- WHAT THIS TASK INVOLVES:
Give the listing again, word for word, and let no picture into it.

- PROVIDED DATA:
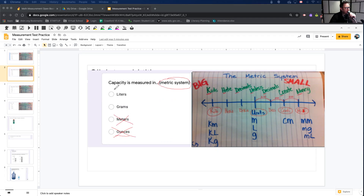When we're talking about capacity, are we using liters or grams? You choose.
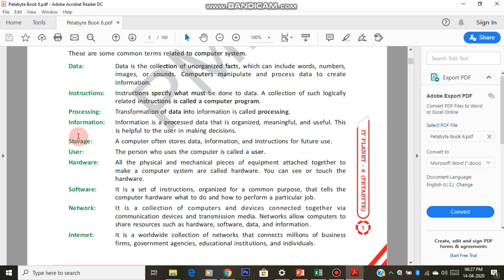Information is processed data. Next term is storage. When you create files like presentations or Word documents for assignments and practical exams, you save them. Whenever the teacher is not there, you save it and go; when asked, you open and show it. That is the use of storage. You save it on the hard disk, which is a part of the CPU used for storage purposes.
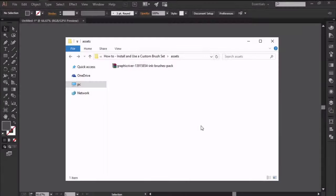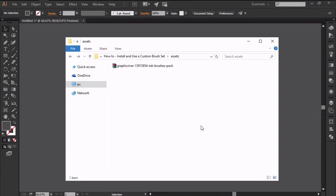Hi and welcome to another Illustrator in 60 seconds video in which we're going to learn how to install and use a custom brush set.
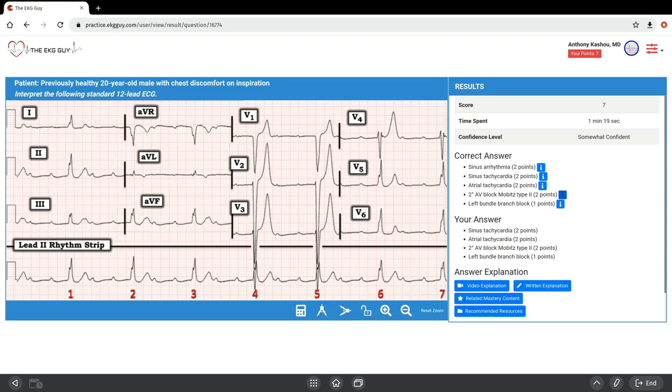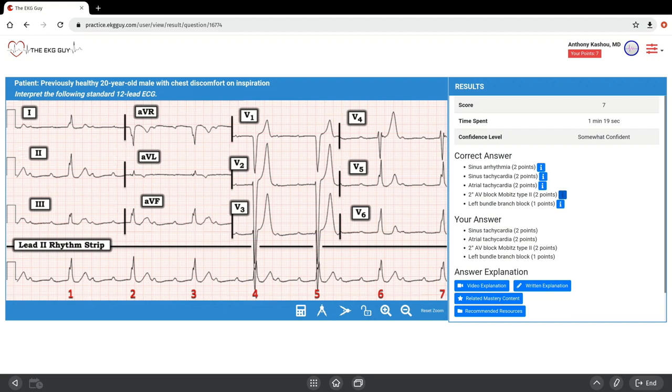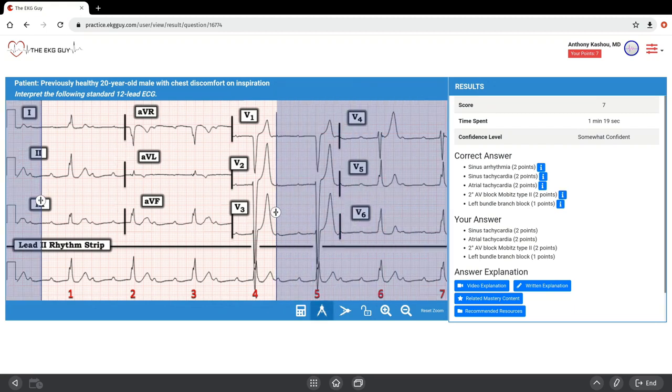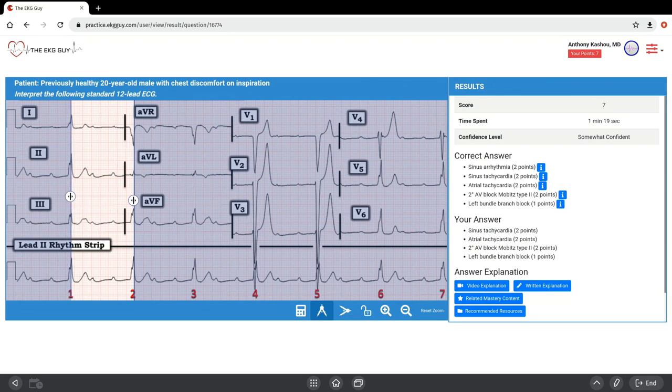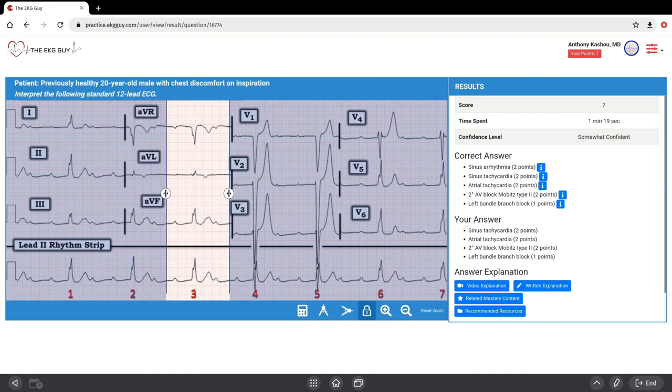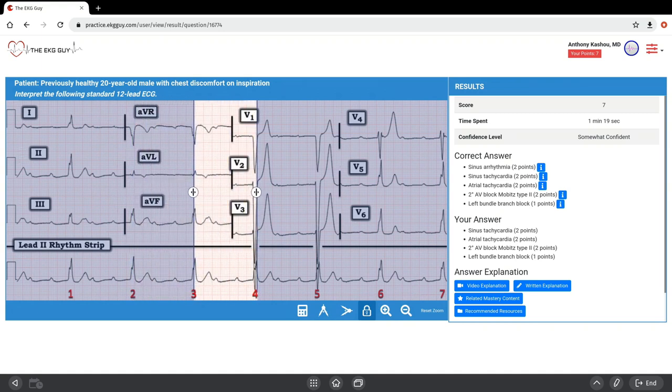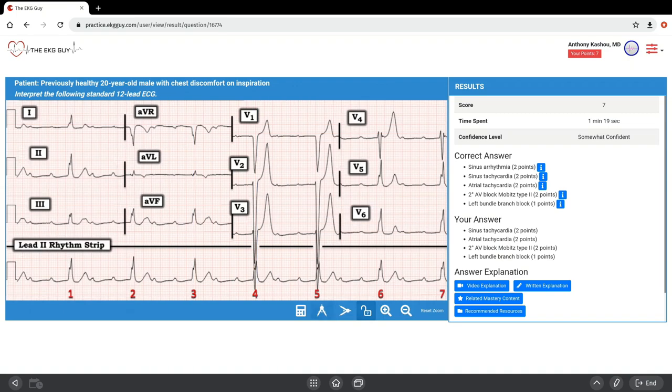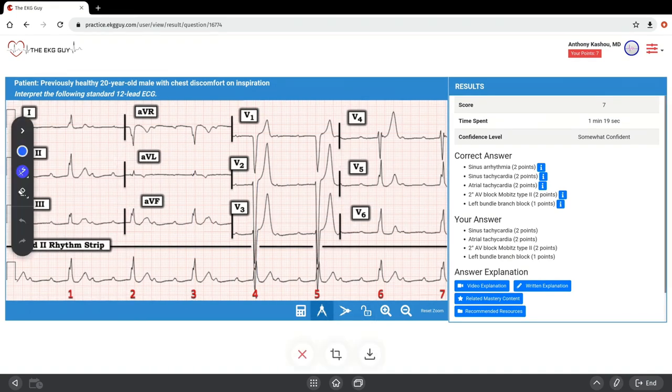Right from the start, this is our 20-year-old male with chest discomfort on inspiration. What we see is a slow, fairly regular, wide QRS complex rhythm with clear P waves present, some of which appear to be non-conducted. If we pull out the calipers and measure the R to R intervals, lock them in place, you can see it's fairly regular throughout. We have some P waves that are non-conducted.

- OUTPUT OF THE TASK:
When we're talking about capacity, are we using liters or grams? You choose.
Information is processed data. Next term is storage. When you create files like presentations or Word documents for assignments and practical exams, you save them. Whenever the teacher is not there, you save it and go; when asked, you open and show it. That is the use of storage. You save it on the hard disk, which is a part of the CPU used for storage purposes.
Hi and welcome to another Illustrator in 60 seconds video in which we're going to learn how to install and use a custom brush set.
Right from the start, this is our 20-year-old male with chest discomfort on inspiration. What we see is a slow, fairly regular, wide QRS complex rhythm with clear P waves present, some of which appear to be non-conducted. If we pull out the calipers and measure the R to R intervals, lock them in place, you can see it's fairly regular throughout. We have some P waves that are non-conducted.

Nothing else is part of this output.